Articles in APS' Physical Review Letters, Physical Review D, and Physical Review C in 2015 and 2016 will be covered by this agreement. 
 
All physics results from CERN will benefit from this partnership, in theoretical physics and experimental physics, at the LHC accelerator as well as other experimental programmes.
 
“CERN is a long-time supporter of APS journals, and is committed to Open Access.
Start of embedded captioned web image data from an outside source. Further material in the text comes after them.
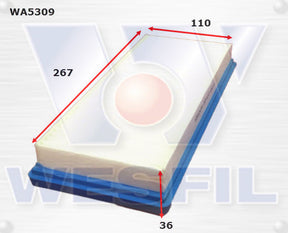 Air Filter A1788 Fits Smart Car WA5309 - Wesfil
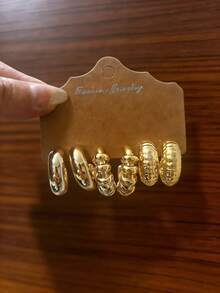 Juego de 3-9 pares de pendientes vintage con baño de oro, 9 estilos para mezclar y combinar, adecuado para ir al trabajo o a una fiesta, el brillo del metal de alta gama realza el resplandor de la piel, aros en forma de C, texturas, diseños geométricos, cubriendo todos los elementos, accesorio de joyería esencial para mujeres - Dorado - Ver 4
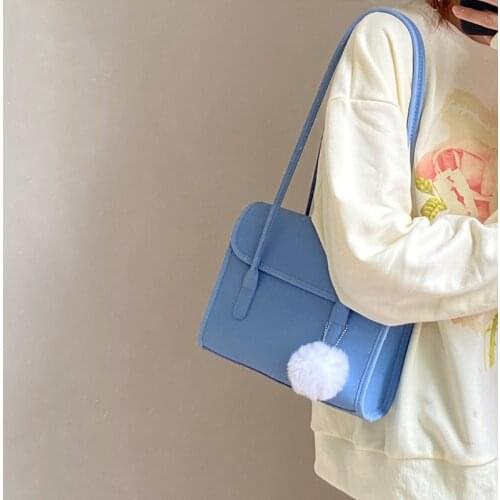Cute Pompon INS Korean Retro Briefcase Satchels Handbags Casual All-match Shoulder Armpit Bag PU Leather Female 2021 New Summer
This collaboration is a very important step towards global Open Access for a global discipline”, said CERN Director General Rolf Heuer.
 
Although APS is not participating in the current cycle of SCOAP3, the global Open Access initiative in physics coordinated by CERN, this agreement demonstrates both organizations’ commitment to Open Access publishing.  
 
“It was important to continue our discussions with CERN, while keeping in mind the financial stability of the APS publishing programme,” said Mac Beasley, 2014 APS President. “This is a fitting solution that advances physics.”
 
Thanks to this partnership, articles will be available free of charge for everyone to read. Copyright will remain with the authors and permissive Creative Commons CC-BY licences will allow re-use of the information (e.g. in books, review articles, conference proceedings and teaching material) as well as text- and data-mining applications.
 
CERN and APS have been cooperating for a long time to support APS’s pioneering Open Access journal Physical Review Special Topics Accelerator and Beams that publishes articles on topics of technical innovation at CERN and elsewhere. 
 
APS and CERN are committed to continue to work together to find new ways to collaborate to provide for the widest dissemination of physics results through global Open Access initiatives.
 
The American Physical Society is a non-profit membership organization working to advance and diffuse the knowledge of physics through its outstanding research journals, scientific meetings, and education, outreach, advocacy and international activities.
 
APS represents 50,000 members, including physicists in academia, national laboratories and industry in the United States and throughout the world. Society offices are located in College Park, MD (Headquarters), Ridge, NY, and Washington, DC.